Deve ser feito um balanço entre as condições nacionais e internacionais. Não defender acerrimamente a austeridade, mas mostrar firmeza no cumprimento das metas, mas expressões como "custe o que custar" não são bem-vindas. Devemos para fora ter um discurso de rigor, mas por outro lado, junto das instâncias europeias deveremos fazer ver que o caminho da extrema austeridade ( a austeridade será sempre um remédio necessário) pode ser mortífero. Assim, parece-me que o que vai acontecer para o caso português (e diga-se de passagem, que é melhor dos caminhos) é o reajustamento do plano, que será efectuado passando sempre para o exterior a imagem de que se trata de um bónus para os esforços que têm vindo a ser efectuados pelos portugueses.
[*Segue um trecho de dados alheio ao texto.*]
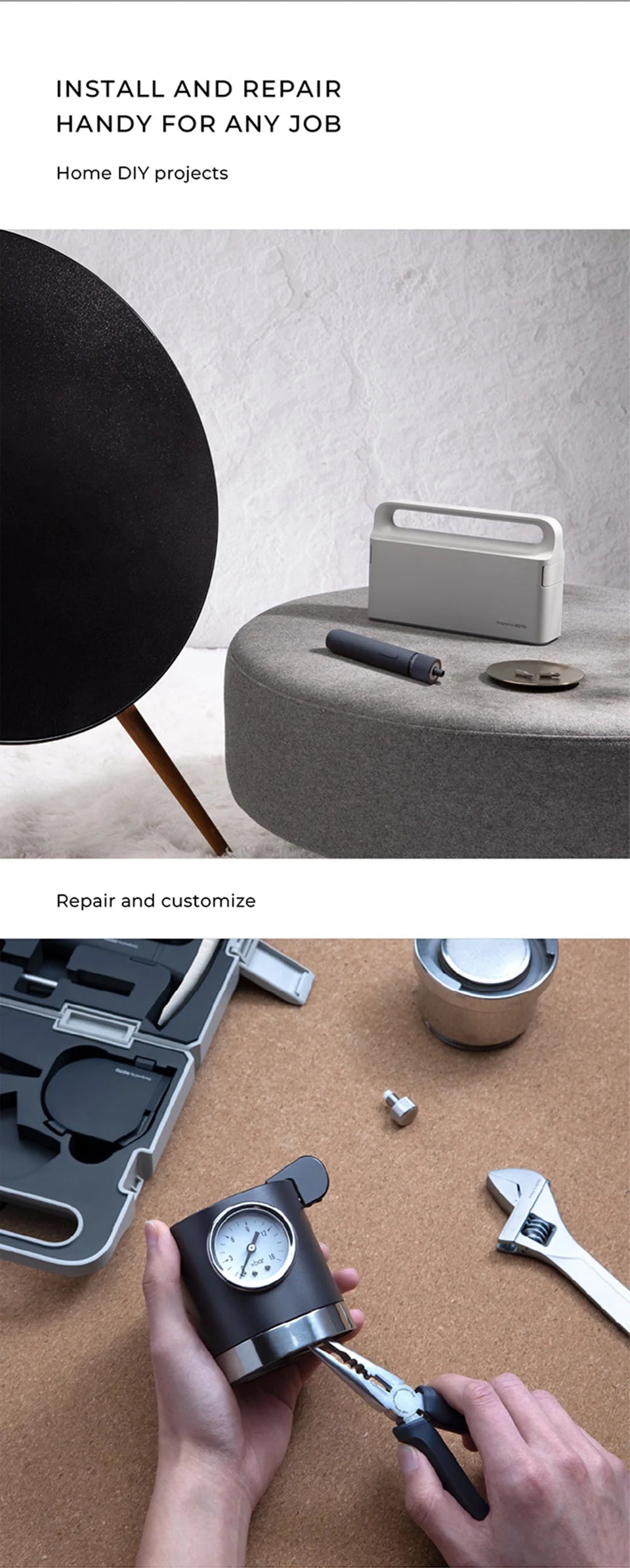 Tournevis sans fil pour la salle de bain, kit d'outils de bricolage, bo?te ¨¤ outils ¨¦lectrique pour l'entretien domestique, TO 3.6V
Esta, como já disse, trata-se da melhor solução por diversos motivos, tais como: tenta passar uma imagem de credibilidade das instâncias nacionais, apesar da má execução orçamental; livra o país de mais austeridade, o que poderia ter um efeito perverso nas contas públicas (perda de eficácia das medidas); livra o Governo de ter de ser ele a reconhecer um possível falhanço orçamental, e assim evita uma grande perda de credibilidade, o que seria muito mal visto pelos mercados.